Software Tools in Haskell: paginate
format lines with page numbers and headers
This page is part of a series on Software Tools in Haskell.
This post is literate Haskell; you can load the source into GHCi and play along.
As usual, we start with some imports.
{-# LANGUAGE TypeSynonymInstances, FlexibleInstances, ConstrainedClassMethods #-}
-- paginate: format lines with page numbers and headers
module Main where
import System.Console.GetOpt
import System.Environment (getArgs, getProgName)
import System.Exit (exitSuccess, exitFailure)
import System.IO (hPutStrLn, stderr)
import Data.List (unfoldr, inits, isPrefixOf, intercalate)

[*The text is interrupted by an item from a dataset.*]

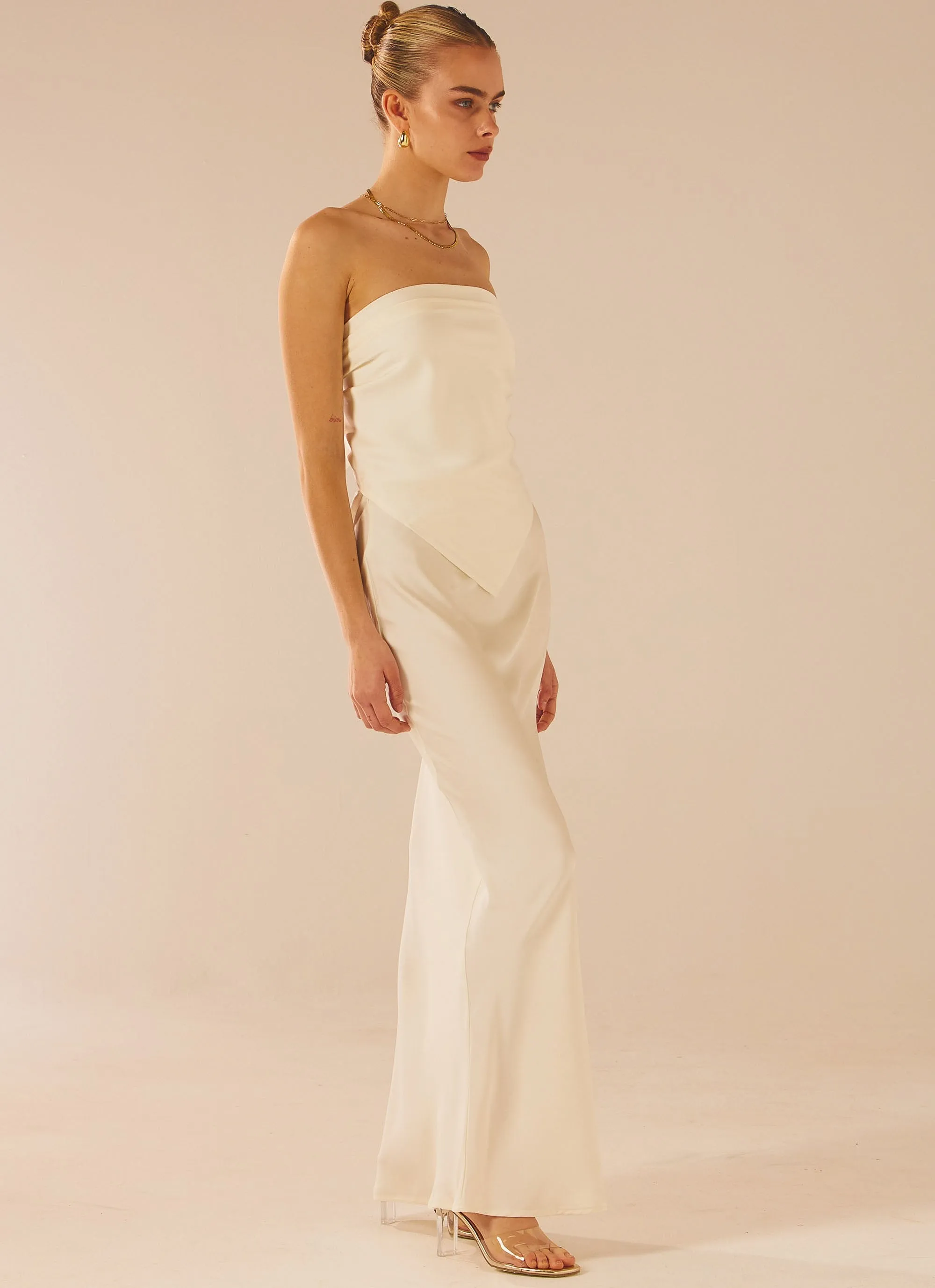 Aria Satin Maxi Skirt - Pearl sold by Peppermayo product image thumbnail 3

import Data.Foldable (foldl')
Our virtual line printer pslineprint
is nice enough, but extremely simple; it does nothing at all to prettify the documents it prints. Our first attempt at this is paginate
. This program will split a sequence of lines into “pages”, giving each page a header and page number. It will also be able to print more than one file sequentially, making each file start on its own page and ensuring that page numbers are correct across files. If any file name happens to be -
, we read lines from stdin
. Finally, it will optionally print a table of contents page in case we are printing a large number of long files.

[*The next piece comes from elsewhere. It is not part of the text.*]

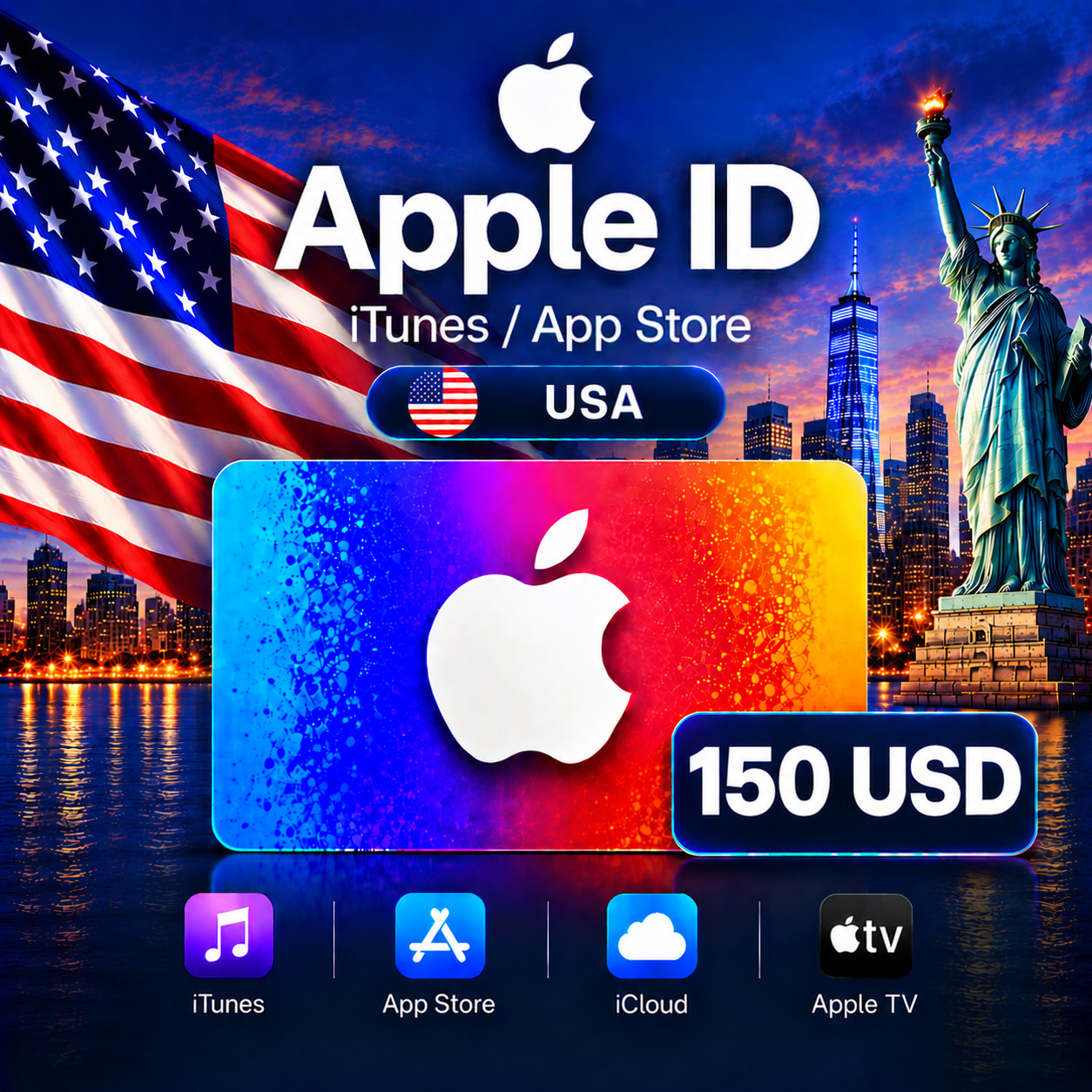 iTunes & App Store Gift Card — 150 USD (USA) photo 1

I think this is the ugliest tool in our kit so far, and that part of the reason for this is that paginate
depends on several arbitrary choices; frequently if there is a single “natural” or “obvious” choice, the resulting code is simple, but if we are making an arbitrary choice among several options our code feels complicated.
First lets look at the main program. Like pslineprint
, there are enough options to make it worth our while to use GetOpt
to process them. For now lets suppose we have functions paginateLines
and tableOfContents
that handle all the heavy lifting; the main program logic is mostly straightforward.
main :: IO ()
main = do
args <- getArgs
let
argErr = reportErrorMsgs [usageInfo "options" options]
corrErr = reportErrorMsgs ["corrupt asacc input"]
-- read options
(flags, filenames) <- case getOpt Permute options args of
(opts, rest, []) -> case foldl (>>=) (Just defaultFlags) opts of
Nothing -> argErr >> exitFailure
Just fs -> return (fs, rest)
otherwise -> argErr >> exitFailure
-- process options
let
pageOpts = PO
{ linesPerPage = fLinesPerPage flags
, lineLength = fLineLength flags
}
-- paginate files
case fMode flags of
Lines -> do
let
readLines name = case name of
"-" -> do
lns <- fmap getLines getContents
return ("-", lns)
otherwise -> do
lns <- fmap getLines $ readFile name
return (name, lns)
docs <- sequence $ map readLines filenames
if fPrintTOC flags == False
then return ()
else sequence_ $ map putStrLn $ tableOfContents pageOpts docs
sequence_ $ map putStrLn $ paginateLines pageOpts docs
ASACC -> do
let
readLines name = case name of
"-" -> do
lns <- fmap readCCLines getContents
case lns of
Nothing -> corrErr >> exitFailure
Just xs -> return ("-", xs)
otherwise -> do
lns <- fmap readCCLines $ readFile name
case lns of
Nothing -> corrErr >> exitFailure
Just xs -> return (name, xs)
docs <- sequence $ map readLines filenames
if fPrintTOC flags == False
then return ()
else sequence_ $ map putStrLn $ map renderCCLine $ tableOfContents pageOpts docs
sequence_ $ map putStrLn $ map renderCCLine $ paginateCCLines pageOpts docs
exitSuccess
data Mode = Lines | ASACC
data Flags = Flags
{ fLinesPerPage :: Int
, fLineLength :: Int
, fPrintTOC :: Bool
, fMode :: Mode
}
defaultFlags :: Flags
defaultFlags = Flags
{ fLinesPerPage = 52
, fLineLength = 75
, fPrintTOC = False
, fMode = Lines
}
options :: [OptDescr (Flags -> Maybe Flags)]
options =
[ Option [] ["lines-per-page"]
(ReqArg readLinesPerPage "INT")
"number of lines per page (including header)"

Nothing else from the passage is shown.